S&P gives Twitter debt 'junk' rating

A sign displays the Twitter logo on the front of the New York Stock Exchange ahead of the company's IPO in New York in this Nov 7, 2013 file photo. Standard & Poor's gave Twitter's recent US$1.8 billion (S$2.3 billion) debt issue a "speculat
A sign displays the Twitter logo on the front of the New York Stock Exchange ahead of the company's IPO in New York in this Nov 7, 2013 file photo. Standard & Poor's gave Twitter's recent US$1.8 billion (S$2.3 billion) debt issue a "speculative" or "junk" rating of BB- on Thursday, weighing the company's push for acquisitions against likely slow growth in earnings. -- PHOTO: REUTERS

NEW YORK (AFP) - Standard & Poor’s gave Twitter’s recent US$1.8 billion (S$2.3 billion) debt issue a “speculative” rating of BB- on Thursday, weighing the company’s push for acquisitions against likely slow growth in earnings.

S&P said the rating, roughly in the middle of the speculative or “junk” range, acknowledges expectations of healthy user and income growth at the popular online micro-messaging and social networking service.

S&P said it expects Twitter “will continue to experience very strong growth and not encounter a significant increase in competitive pressure.”

“We expect the company to experience very high growth over the next two to three years as it expands internationally and grows revenue as well,” said S&P.

But it pointed to the company’s plans for expansion through investment and takeovers, noting the funds from its September convertible debt issue in part are to be used for acquisitions.

“The company is investing very aggressively in growth.
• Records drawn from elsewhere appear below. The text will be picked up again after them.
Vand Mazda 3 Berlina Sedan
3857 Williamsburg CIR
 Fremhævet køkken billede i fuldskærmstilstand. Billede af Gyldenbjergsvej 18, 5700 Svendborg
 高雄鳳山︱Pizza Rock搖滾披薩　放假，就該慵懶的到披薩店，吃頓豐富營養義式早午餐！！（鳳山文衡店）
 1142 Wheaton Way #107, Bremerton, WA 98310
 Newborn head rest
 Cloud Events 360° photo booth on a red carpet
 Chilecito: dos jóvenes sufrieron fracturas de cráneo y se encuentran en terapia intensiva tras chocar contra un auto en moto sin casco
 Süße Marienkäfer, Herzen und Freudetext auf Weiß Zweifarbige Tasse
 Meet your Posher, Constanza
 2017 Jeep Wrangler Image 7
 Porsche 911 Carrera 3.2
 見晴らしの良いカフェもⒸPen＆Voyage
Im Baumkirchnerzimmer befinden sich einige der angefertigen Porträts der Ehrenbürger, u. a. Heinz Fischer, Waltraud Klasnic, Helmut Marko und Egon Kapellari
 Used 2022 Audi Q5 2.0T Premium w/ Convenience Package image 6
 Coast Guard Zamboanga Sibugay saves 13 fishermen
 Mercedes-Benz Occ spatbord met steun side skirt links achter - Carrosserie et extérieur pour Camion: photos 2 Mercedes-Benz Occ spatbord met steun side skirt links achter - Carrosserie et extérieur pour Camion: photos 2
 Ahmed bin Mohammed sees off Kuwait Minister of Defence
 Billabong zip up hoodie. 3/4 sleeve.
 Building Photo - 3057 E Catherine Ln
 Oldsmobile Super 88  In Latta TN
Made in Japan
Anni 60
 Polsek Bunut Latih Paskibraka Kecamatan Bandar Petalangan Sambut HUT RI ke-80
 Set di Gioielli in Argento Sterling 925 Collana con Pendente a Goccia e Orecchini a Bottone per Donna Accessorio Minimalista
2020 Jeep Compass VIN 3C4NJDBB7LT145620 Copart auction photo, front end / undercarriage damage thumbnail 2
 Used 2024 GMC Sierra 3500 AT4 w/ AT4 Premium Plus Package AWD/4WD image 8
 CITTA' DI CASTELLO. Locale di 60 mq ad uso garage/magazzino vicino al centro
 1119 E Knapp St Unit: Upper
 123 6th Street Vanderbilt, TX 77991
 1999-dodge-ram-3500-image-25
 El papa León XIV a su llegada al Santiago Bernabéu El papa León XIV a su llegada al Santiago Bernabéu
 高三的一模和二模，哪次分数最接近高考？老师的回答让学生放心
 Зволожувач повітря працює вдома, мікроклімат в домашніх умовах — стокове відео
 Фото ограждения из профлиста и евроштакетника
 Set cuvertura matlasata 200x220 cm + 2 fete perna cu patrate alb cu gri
Depending on the level of business reinvestment, Twitter may not generate positive discretionary cash flow until 2016,” S&P said.

Created in 2006, Twitter has grown rapidly and went public in September 2013.

The company recently said it has 264 million regular users and another 500 million who do not sign in to visit the site.

On Wednesday it unveiled new changes and services to enhance its attractiveness to users and the advertisers who pursue them.